La Fédération de Russie vient de gagner un round juridique, dans un combat qui a commencé en 1924 autour d'une seule question : « Qui est le légitime propriétaire de l'Eglise Russe ? » Hier matin la 2e Chambre civile du tribunal de grande instance de Nice, en vidant son délibéré, a désigné cet Etat comme le légitime propriétaire du terrain, de la cathédrale Saint-Nicolas et de tous les objets et oeuvres d'art inventoriés dans ces bâtiments. La Fédération de Russie qui avait initié cette procédure, il y a trois ans, ce qui correspondait, à un an près (le 31 décembre 2007), à l'échéance du bail emphytéotique a obtenu gain de cause. D'autant plus que le tribunal a ordonné l'exécution provisoire de ce jugement. Cette conjonction, jugement et exécution, a retenti comme un « oukase » dans l'autre camp, celui de l'association cultuelle installée depuis 80 ans dans la place. En l'état, la Fédération de Russie est fondée à demander les clés. Que se passerait-il dans le cas où des représentants de cet Etat se présenteraient pour prendre possession des lieux ? Cette question a laissé hier le père Jean Gueit, président de l'association cultuelle, grave et silencieux. On n'en est d'ailleurs pas là.
L'association cultuelle en appel
Hier matin en effet malgré le choc provoqué par ce jugement l'association cultuelle était prête à répliquer en deux salves. « Nous allons saisir le premier président pour demander la suspension de l'exécution provisoire », a indiqué Me Antoine Chatain. L'association cultuelle espère obtenir ce « sursis » car en matière immobilière l'exécution provisoire est rare. Le second feu sera dirigé vers Aix-en-Provence où l'association cultuelle ira chercher, en appel, un second examen de ce dossier complexe : « Nous tenterons d'obtenir une décision de justice différente, notamment au regard de la possession pendant 80 ans d'un bien. C'est la première fois que je vois un jugement qui déloge de cette manière-là un occupant installé pendant un aussi long délai... Je suis déçu de constater que le droit ne triomphe pas », a expliqué le défenseur de l'association cultuelle qui a glissé aussi : « Je constate qu'il est difficile de combattre la Fédération de Russie en France, sur le plan judiciaire ».
Propriété d'Etat
Évidemment hier personne ne se privait d'évoquer, à demi-mot, la piste politique.

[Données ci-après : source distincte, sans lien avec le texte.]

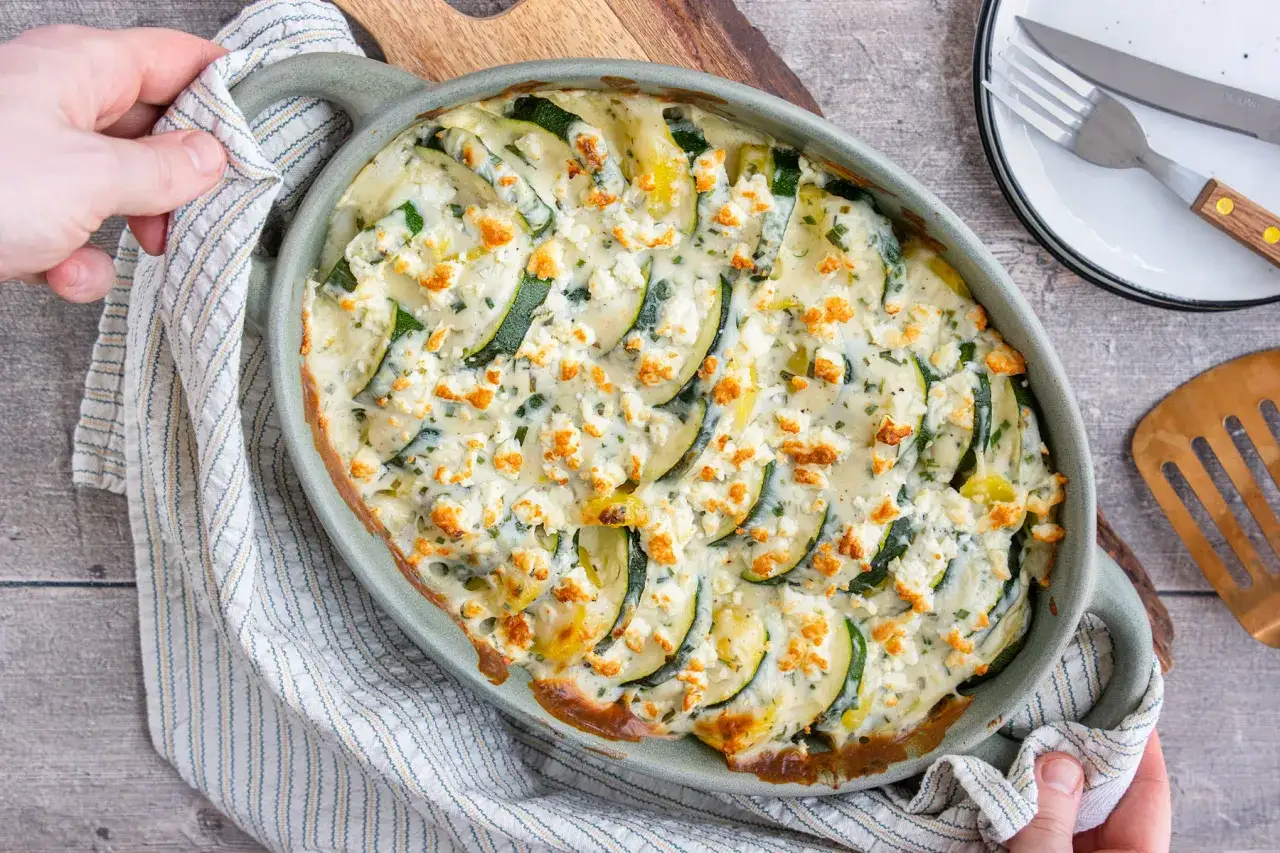 Ein köstlicher Zucchini Kartoffel Feta Auflauf, goldbraun gebacken und mit Kräutern bestreut. Perfekt für ein leichtes Abendessen.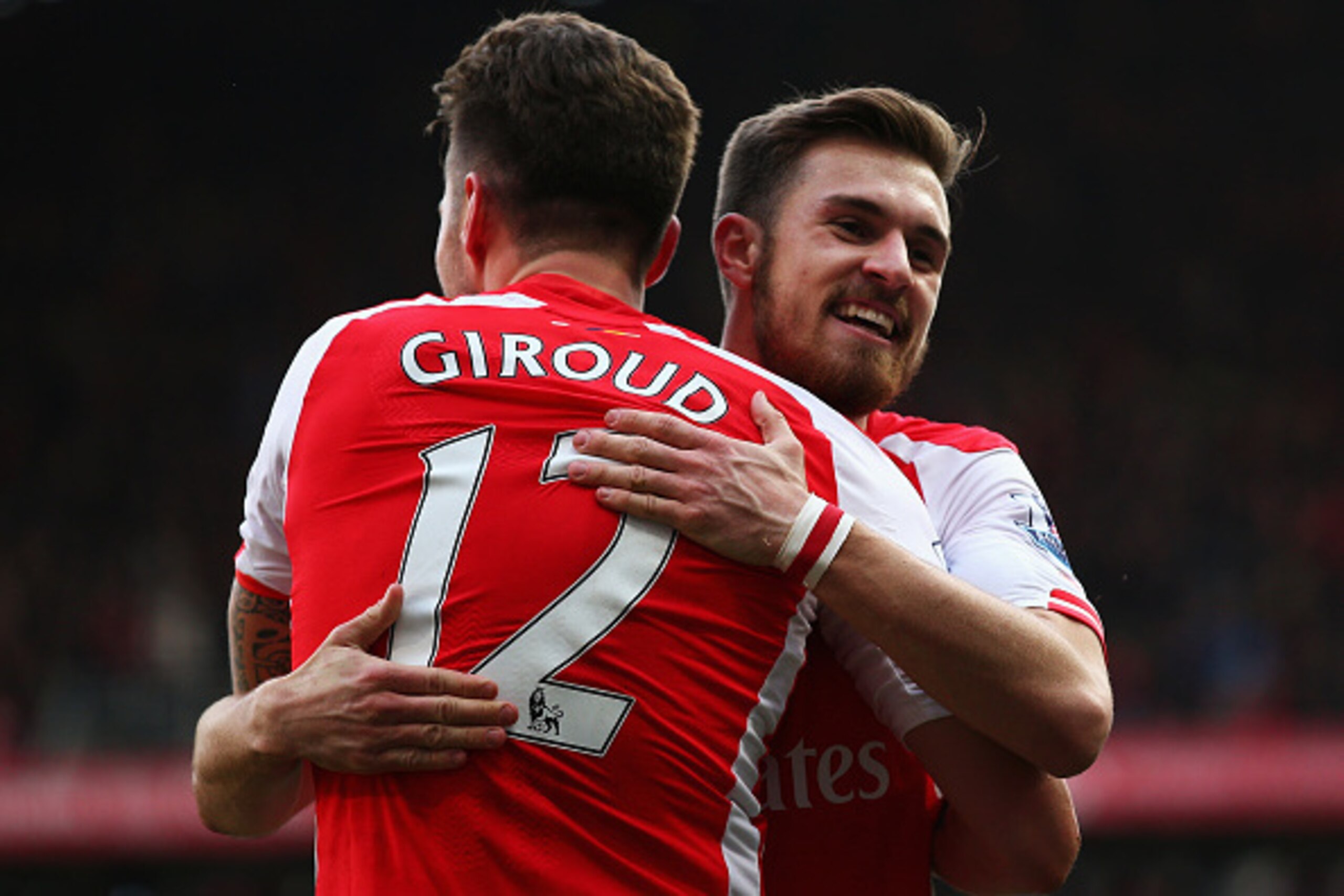 LONDON, ENGLAND - MARCH 14: Aaron Ramsey of Arsenal celebrates his goal with Olivier Giroud of Arsenal during the Barclays Premier League match between Arsenal and West Ham United at Emirates Stadium on March 14, 2015 in London, England.  (Photo by Ian Wa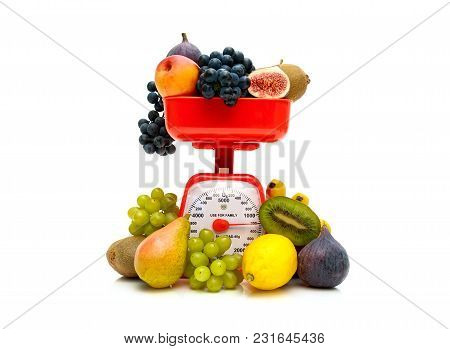 Fresh Fruit And Kitchen Scales On A White Background. Horizontal Photo.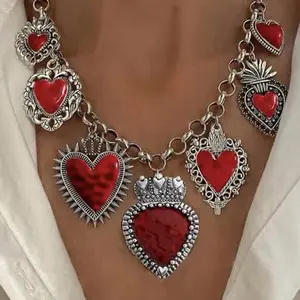 1pc Chunky Vintage Gothic Heart Multi-Pendant Necklace ️  Make a bold statement with this stunning vintage-inspired gothic heart necklace! Featuring multiple heart pendants, including detailed heart lockets, in antique silver and gold tones with striki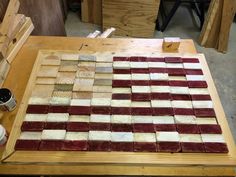 an american flag made out of red, white and blue marble blocks on a workbench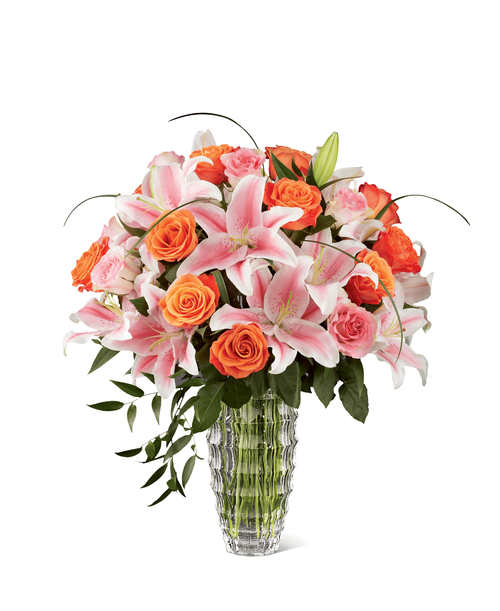 Simply grand in color and style, this artisan design brings together a favorite color combination of orange against pink and succeeded in making it both modern and sophisticated. A celebration of life, love, and every wonderful moment along the way, this bright and showy arrangement exhibits a soft fragrance from it’s blooms while sitting in a clear glass vase with a modern flair that adds further interest and style to its overall look. When you send this bouquet you send happiness. Approx. 25 inchH x 20 inchW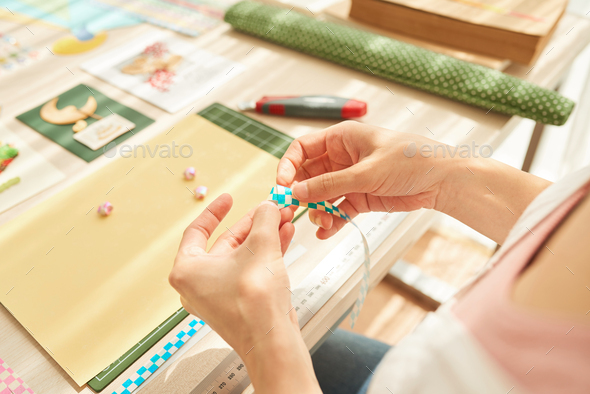 Woman Wrapped up in Scrapbooking - Stock Photo - Images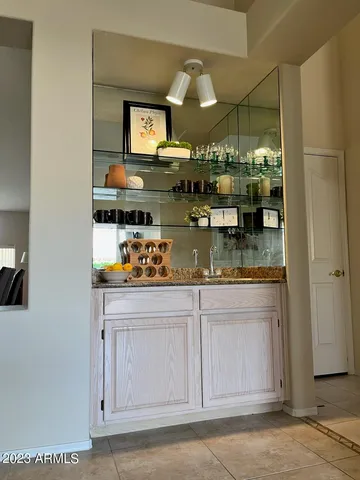 a kitchen with stainless steel appliances granite countertop a sink and cabinets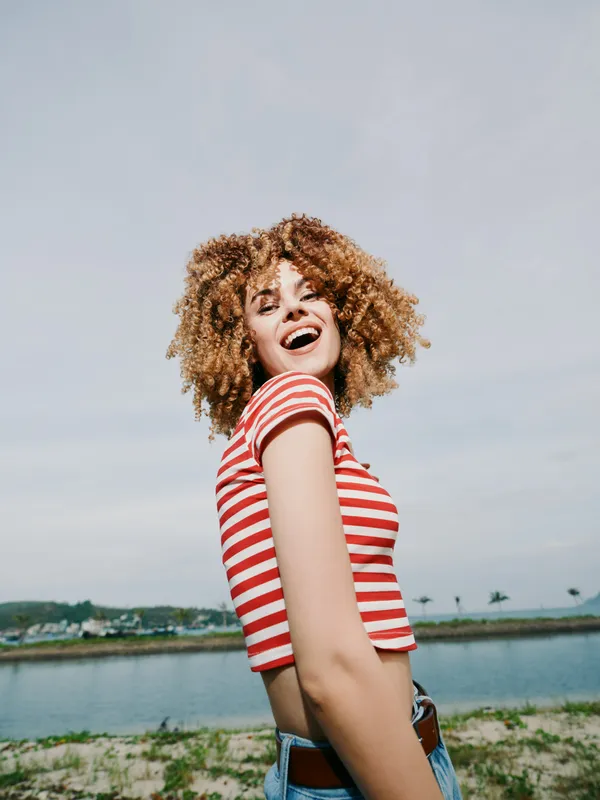 Joyful young woman stands outdoors by a lake, bright smile, curly hair, striped red and white top, casual fashion, sunny day, natural light, candid portrait, lively summer mood.
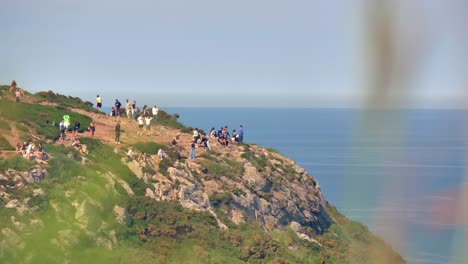 Locals,-visitors-and-tourists-enjoying-the-view-at-cliff-top-in-Howth,-Dublin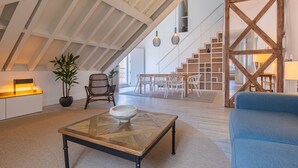 Een ruime loft met een hoge plafond, een eethoek en een trap naar een hoger niveau.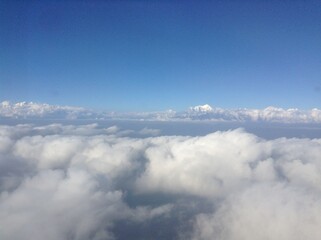 Fototapeta premium the Himalayas viewed from above the clouds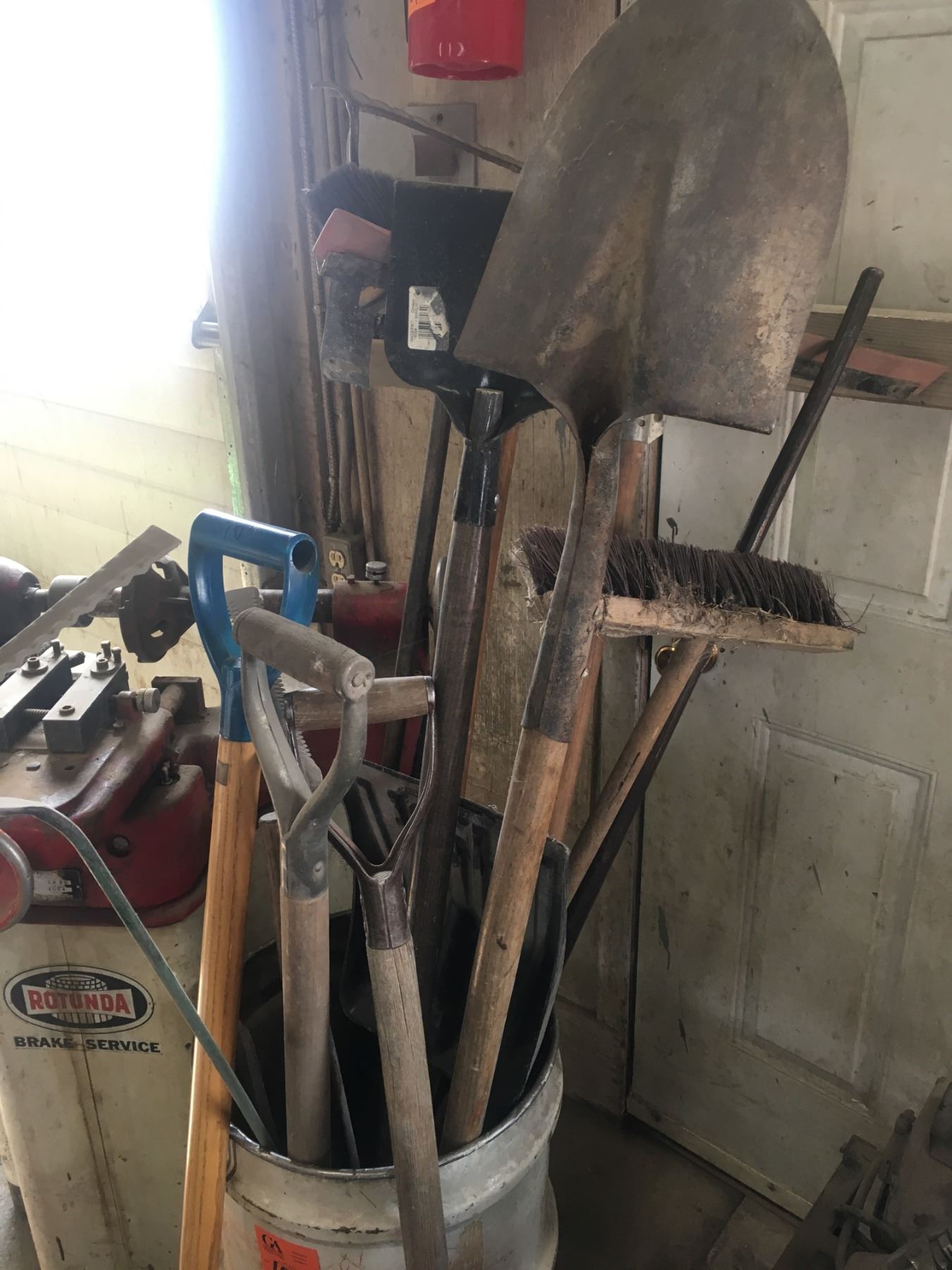 Barrel w/brooms, axe, crowbar, sledge hammers, rakes, squeegee, shovels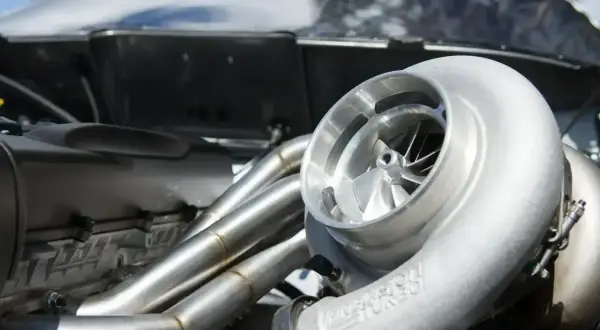 Błyszcząca turbosprężarka w silniku p0299 vw. Metalowe kolektory wydechowe i błyszcząca obudowa silnika.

Le jugement rendu hier s'appuyait bien évidemment sur d'autres ressorts. Le tribunal a retenu la vision de la Fédération de Russie défendue par Me Alain Confino qui estimait que l'église russe était une propriété d'Etat, acquise sur des fonds étatiques, ceux du tsar, et non pas à titre privé, et construite de la même manière. Dans les grandes lignes, les juges ont estimé que la transmission avait été continue depuis Alexandre II jusqu'à l'actuelle Fédération de Russie. Mais l'association cultuelle avait abattu un autre atout : elle s'estimait invulnérable, cuirassée par 80 années d'occupation, ce qui lui permettait de revendiquer, en toute légalité, le titre de propriété à travers la prescription acquisitive.
Coup de Trafalgar pour l'association : le tribunal a estimé qu'elle était un occupant titré, obligé par le bail emphytéotique. Et cette position l'empêchait de bénéficier de l'usucapion (en droit, maniére d'acquérir par possession, par usage ). Hier les deux camps étaient d'ailleurs parfaitement représentés et identifiables dans la salle d'audience et à la sortie : cris à peine retenus et sourires d'un côté, mines graves de l'autre. Cependant une assurance a été donnée : dans les prochains jours rien ne devrait troubler ce lieu de culte (dépendant du patriarcat de Constantinople et non pas celui de Moscou) qui continuera d'accueillir les fidèles, sous l'oeil de la justice divine.